● RAW DATA:

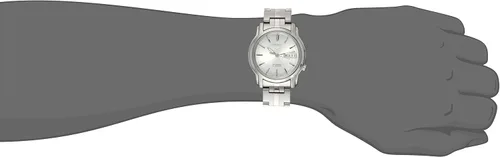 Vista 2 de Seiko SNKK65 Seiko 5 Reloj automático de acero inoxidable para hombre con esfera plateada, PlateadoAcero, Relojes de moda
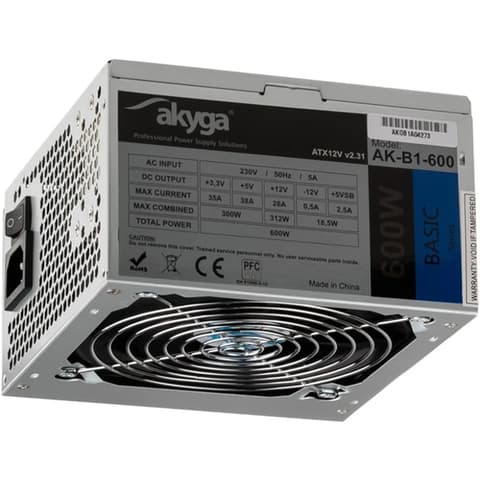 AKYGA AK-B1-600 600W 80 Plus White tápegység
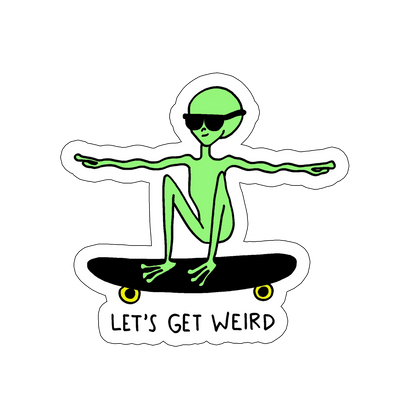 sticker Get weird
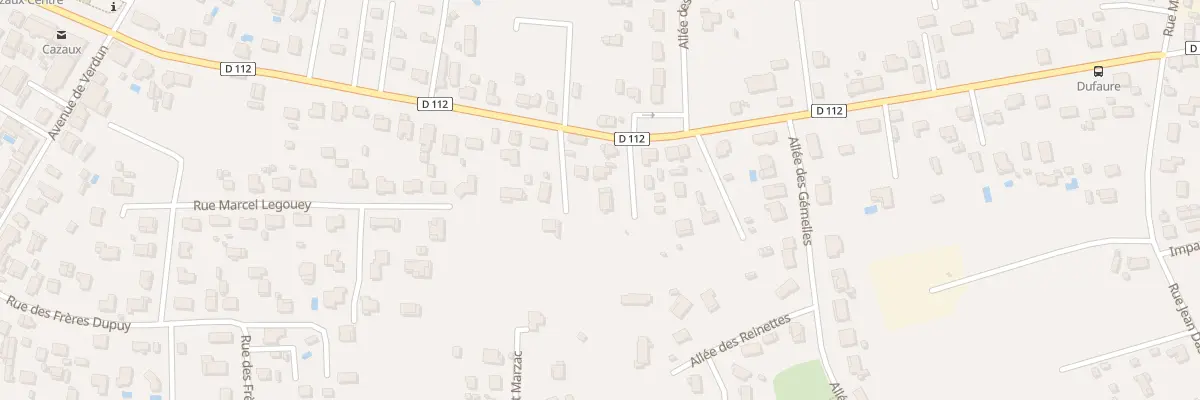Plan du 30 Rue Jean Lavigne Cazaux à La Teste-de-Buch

● DIRECTIONS FOR THIS TASK:
Set down the line containing "AKYGA AK-B1-600 600W 80 Plus White tápegység", then every later line through the end of the material, exactly as written; omit any picture.

● EXPECTED ANSWER:
 AKYGA AK-B1-600 600W 80 Plus White tápegység
 sticker Get weird
Plan du 30 Rue Jean Lavigne Cazaux à La Teste-de-Buch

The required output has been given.